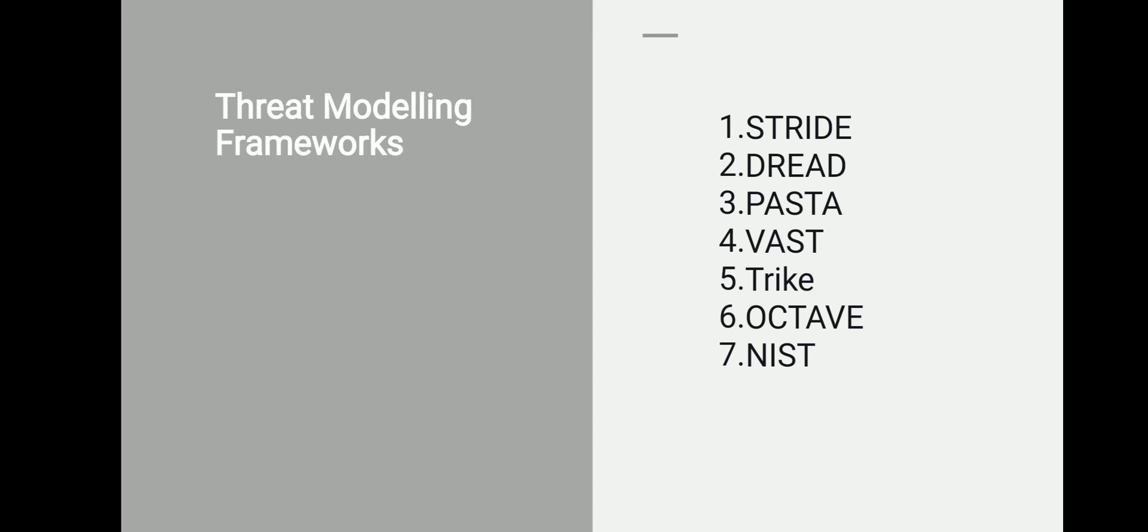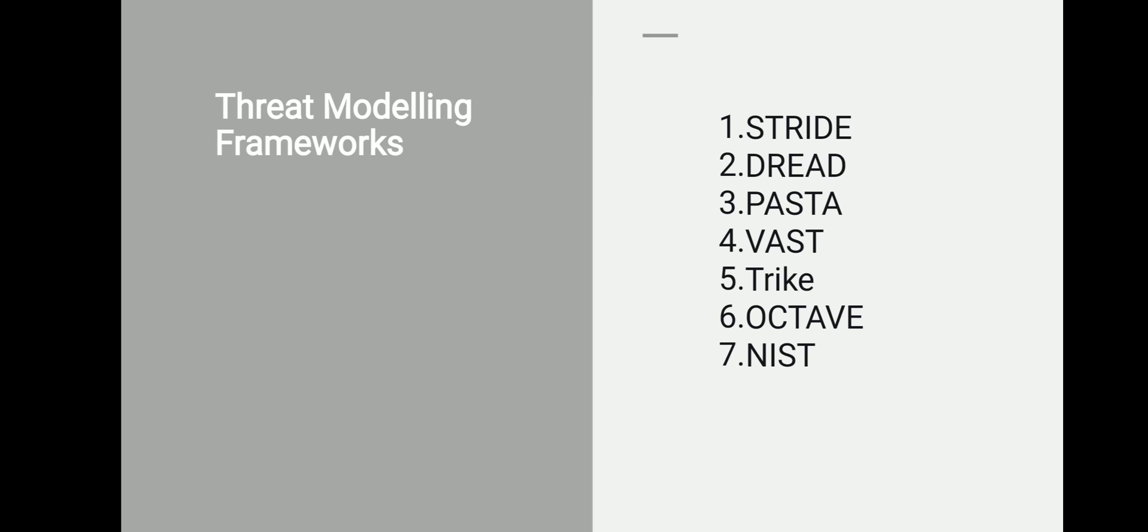Trike is a security audit framework that uses threat modeling as a technique. It looks at threat modeling from risk management and defensive perspective. When you look at the Trike matrix, it is divided into four parts, one for each action of CRUD: creating, reading, updating, and deleting. In these cells, the analyst assigns one of three values: allowed action, disallowed action, or action with rules, and a rule tree is attached to each cell. Once you define the requirements, a data flow diagram is built and each element is mapped to a selection of factors and assets.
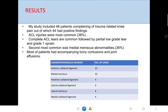The results obtained: out of 48 patients included in the study, 44 had positive findings. The most common ligament injury identified was ACL. Among these, complete tears were more common, followed by partial low-grade tears and then grade 1 sprain. After ACL, medial meniscus was the most commonly injured structure. Most patients also had accompanying bony contusions and joint effusions. ACL was identified in 23 cases and medial meniscus in 22 cases, topping the ligament injuries.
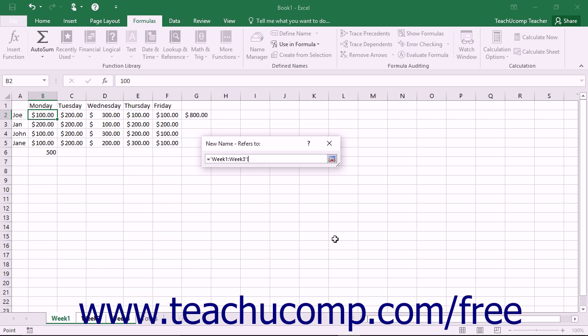Once the worksheet group has been selected, click and drag over the cells in the worksheet that you want to use as the cell reference for the 3D range.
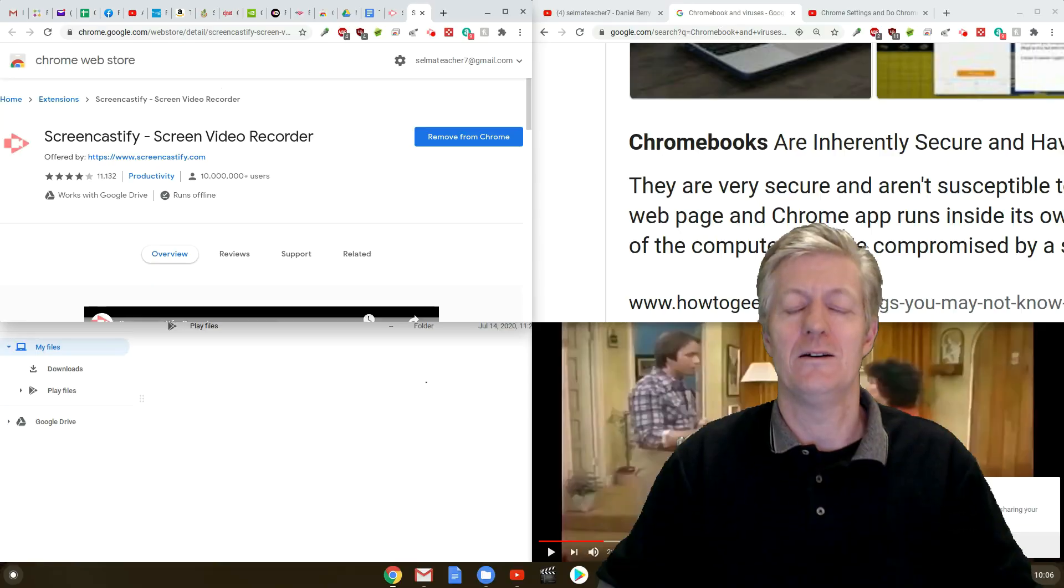Can a Chromebook get a virus or malware? Well we'll discover this in today's video from SelmaTeacher7. Mr. Berry here. So let's get going.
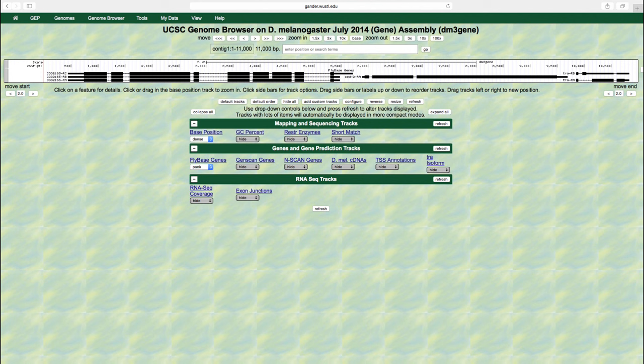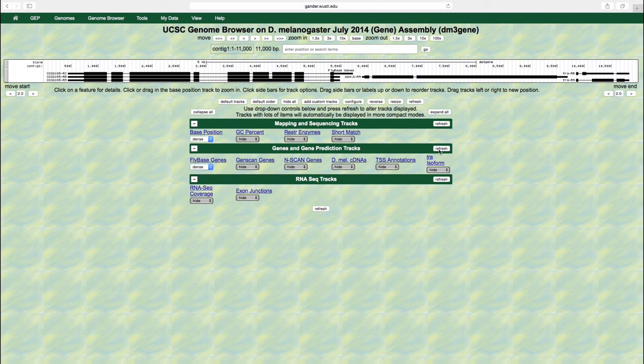For example, let's change the display mode for the fly-based genes track to dense and click refresh. The overlapping features are now rendered in a single line.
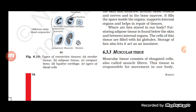Blood, bone, cartilage, ligament, and tendons are all types of connective tissue. Blood basically consists of plasma, and cells float in it. These cells are WBC, RBC, and platelets, which move from one part to the other part of the body.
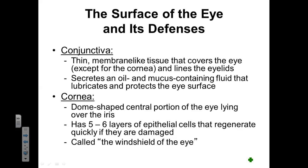We also have the cornea. The cornea is a dome-shaped structure at the most anterior central portion of the eye. It's completely transparent and will cover the iris. Our cornea has five to six layers of cells that regenerate very quickly if they're damaged. Oftentimes we can refer to the cornea as the windshield of our eye.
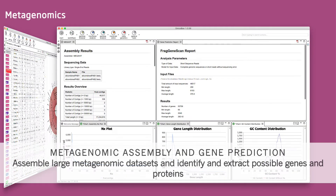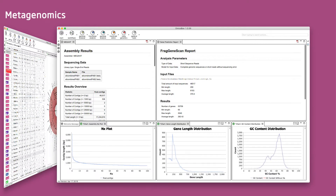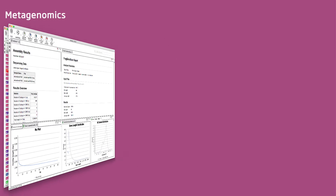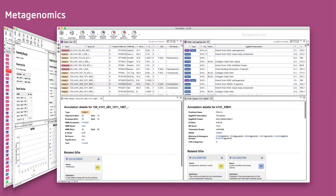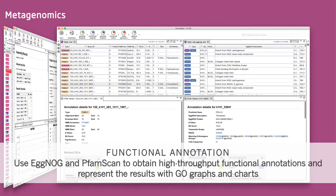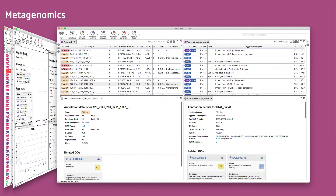Metagenome assembly and gene prediction can be done with several different algorithms like MetaSPAdes, MEGAHIT, Prodigal, and FragGeneScan. These tools can be combined as workflows in many different ways. Large-scale functional annotations can be performed via PFAM and EGGNOG to obtain gene ontology and pathway labels for downstream sample comparisons.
....................
## Description of the task
What is needed is a verbatim copy of the material, minus its pictures.

## Written solution
Trike is a security audit framework that uses threat modeling as a technique. It looks at threat modeling from risk management and defensive perspective. When you look at the Trike matrix, it is divided into four parts, one for each action of CRUD: creating, reading, updating, and deleting. In these cells, the analyst assigns one of three values: allowed action, disallowed action, or action with rules, and a rule tree is attached to each cell. Once you define the requirements, a data flow diagram is built and each element is mapped to a selection of factors and assets.
The results obtained: out of 48 patients included in the study, 44 had positive findings. The most common ligament injury identified was ACL. Among these, complete tears were more common, followed by partial low-grade tears and then grade 1 sprain. After ACL, medial meniscus was the most commonly injured structure. Most patients also had accompanying bony contusions and joint effusions. ACL was identified in 23 cases and medial meniscus in 22 cases, topping the ligament injuries.
Once the worksheet group has been selected, click and drag over the cells in the worksheet that you want to use as the cell reference for the 3D range.
Can a Chromebook get a virus or malware? Well we'll discover this in today's video from SelmaTeacher7. Mr. Berry here. So let's get going.
For example, let's change the display mode for the fly-based genes track to dense and click refresh. The overlapping features are now rendered in a single line.
Blood, bone, cartilage, ligament, and tendons are all types of connective tissue. Blood basically consists of plasma, and cells float in it. These cells are WBC, RBC, and platelets, which move from one part to the other part of the body.
We also have the cornea. The cornea is a dome-shaped structure at the most anterior central portion of the eye. It's completely transparent and will cover the iris. Our cornea has five to six layers of cells that regenerate very quickly if they're damaged. Oftentimes we can refer to the cornea as the windshield of our eye.
Metagenome assembly and gene prediction can be done with several different algorithms like MetaSPAdes, MEGAHIT, Prodigal, and FragGeneScan. These tools can be combined as workflows in many different ways. Large-scale functional annotations can be performed via PFAM and EGGNOG to obtain gene ontology and pathway labels for downstream sample comparisons.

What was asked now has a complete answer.